ArtForum, Oct, 2004 by Thomas Crow

Probably the most inventive generation of complexity from such simple resources was provided by the ex-philosopher del Renzio, one Independent Group holdover who had professional expertise in graphic design and fashion. With his essay "Shoes hair and coffee," for which he also designed the spread, del Renzio brought to bear his professional experience in an informed discussion of feminine fashion in relation to the design of Italian-style coffee bars. The shifting imagery of the article's layout results from a single-color printing in red on a transparent yellow sheet, which per forms one configuration in the recto position and another in the verso. A turn of the page leads into a footnoted taxonomy of the varieties of espresso environments. But a look back at the previous page, transformed by the overlay of the red-on-yellow woman in her Italian frock, makes another pointed juxtaposition: She seems to peer into a painting by Coleman's close ally Robyn Denny, a work that had become something of a manifesto piece in their campaign against the figurative establishment in the painting faculty of the school.

A photo-essay by A.J. Bisley on professional wrestling, "On the mat at Lime Grove," eschews technical tricks and sets itself at the opposite expressive pole from del Renzio. Forgoing commentary altogether, its explosive, raging-bull exploitation of crude black-on-white printing demonstrated that subject matter of this power need not be sought only on the other side of the Atlantic. In many ways, the most effective deployment of Ark's minimal means appears in a layout and article by painter Richard Smith entitled "Man and He-man." One close-valued, monochrome illustration anticipates to compelling visual effect Warhol's fundamental principal of repetition, multiplying a single image of a man in formal dress with rolled umbrella (by the look of him an Eton College master, an inculcator of upper-class codes; the photograph is credited to Bisley). Another page shows a similar social type in a royal Ascot morning suit caught in more vigorous midstride, but jarringly juxtaposed with a proto-Pop catalogue of mythic Americana: Superman in midflight, the singing cowboy Gene Autry, and a stuttering overlay of actor Glenn Ford in gunfighter pose, inevitably calling to mind Warhol's palimpsests of the action-Elvis series (Smith refers in his text to the advertisements for Presley's first film vehicle, Love Me Tender, bannering its star as "fightin' man, singin' man, lovin' man").

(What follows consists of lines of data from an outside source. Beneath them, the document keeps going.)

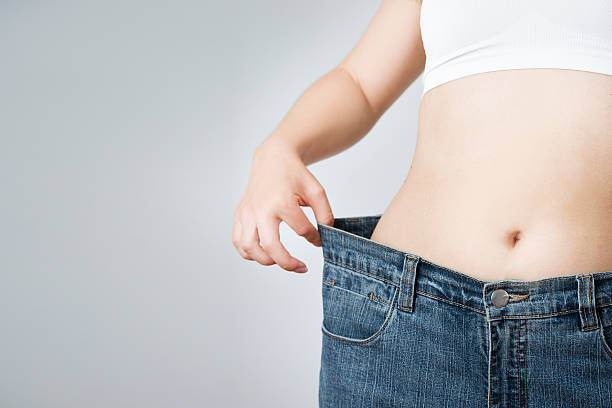 mulher em jeans de tamanho grande, conceito de perda de peso - slenderize imagens e fotografias de stock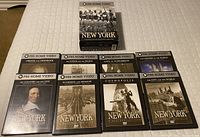Photo of 8 DVD cases from PBS series New York, lined up on a white surface showing different titles and cover images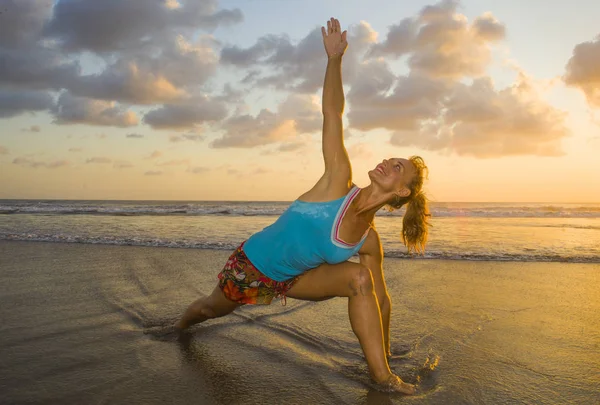 Mujer joven en forma y atractivo deporte en playa puesta del sol yoga práctica de entrenamiento en sol húmedo en frente del mar en la meditación y el ejercicio de relajación — Foto de Stock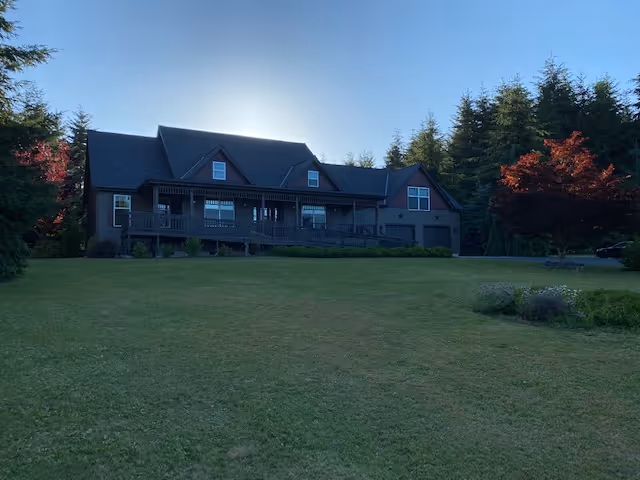 Exterior view of Curtis Hill Manor, a large house with a wraparound porch and lawn.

Ark number 20 proved to be both the high point of this project--this pushing of expertise in the sources of a vernacular-based art to the point that it equals the potential of the most advanced expertise in fine art--and also its swan song: Student publications have changing personnel, and by the next issue (no. 21), Coleman had moved on, his designers too, leaving the replacement staff free to renew the journal's earlier celebrations of nature worship in a Romantic/mystical vein.

The short-lived, preceding moment of Pop experimentation then dropped almost entirely from view, its innovations left to one side while Coleman, as well as Denny and Smith, turned their energies back to significant fine-art ambitions (with Smith, like Hockney, gravitating toward the American art scene). What they and their collaborators had improvised in ephemeral form then came to be fortuitously reinvented, five years later, in another place and time, with lasting and legendary impact on the established art world. The difference between their obscurity and the success of the Pop artists in the States lay in the Americans' strategic packaging in paint on canvas, accompanied by their renunciation of any claim to knowledge superior to that of the average spectator. When fine art meets the late-twentieth-century media, expertise in the latter--that is, knowing your stuff--finds itself at odds with effectiveness in the system of art-world attention and celebrity, whatever the prescience of one's formal and thematic discoveries.